The influence of BMP8A on the enhanced invasiveness in MDA-MB-231 cells was also investigated by determining the expression of several matrix metalloproteases (MMPs). Although no significant change was seen for MMP2 at transcript levels (Figure 3E), enhanced MMP2 activity was observed in MDA-MB-231BMP8Aexp cells compared to the control cells according to a gelatin zymography analysis (Figure 3F). No significant alterations were observed in the expression levels of other MMPs in the MDA-MB-231BMP8Aexp cells compared to the control cells.

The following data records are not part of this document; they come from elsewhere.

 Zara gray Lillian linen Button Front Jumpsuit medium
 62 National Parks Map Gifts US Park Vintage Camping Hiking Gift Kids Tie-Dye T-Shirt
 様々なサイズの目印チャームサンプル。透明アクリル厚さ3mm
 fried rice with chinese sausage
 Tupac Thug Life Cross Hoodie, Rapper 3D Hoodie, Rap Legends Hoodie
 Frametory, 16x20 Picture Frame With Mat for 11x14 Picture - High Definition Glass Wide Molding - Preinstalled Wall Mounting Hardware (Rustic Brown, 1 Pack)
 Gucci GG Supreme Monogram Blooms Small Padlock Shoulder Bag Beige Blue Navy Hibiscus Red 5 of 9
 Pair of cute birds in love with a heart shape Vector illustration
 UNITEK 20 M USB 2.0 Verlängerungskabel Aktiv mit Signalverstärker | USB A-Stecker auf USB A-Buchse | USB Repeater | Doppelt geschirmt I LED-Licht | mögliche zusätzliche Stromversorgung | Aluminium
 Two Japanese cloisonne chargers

Expression analysis of MMPs in TNBC tumors with elevated BMP8A levels was conducted and compared to TNBC tumors with lower BMP8A expression, paralleling previous analyses of Snai2 and vimentin in TCGA TNBC tumors. A number of MMPs exhibited higher expressions in the TNBC tumors with more abundant expression of BMP8A, including MMP2, MMP3, MMP11, MMP14, MMP15 and MMP19. Those MMPs also have a significantly positive correlation with BMP8A in the TNBC tumors of the TCGA cohort (Figure 3G, H). MMP2 was identified as the principal molecule associated with BMP8A, exhibiting a correlation coefficient of 0.549 (p < 0.01).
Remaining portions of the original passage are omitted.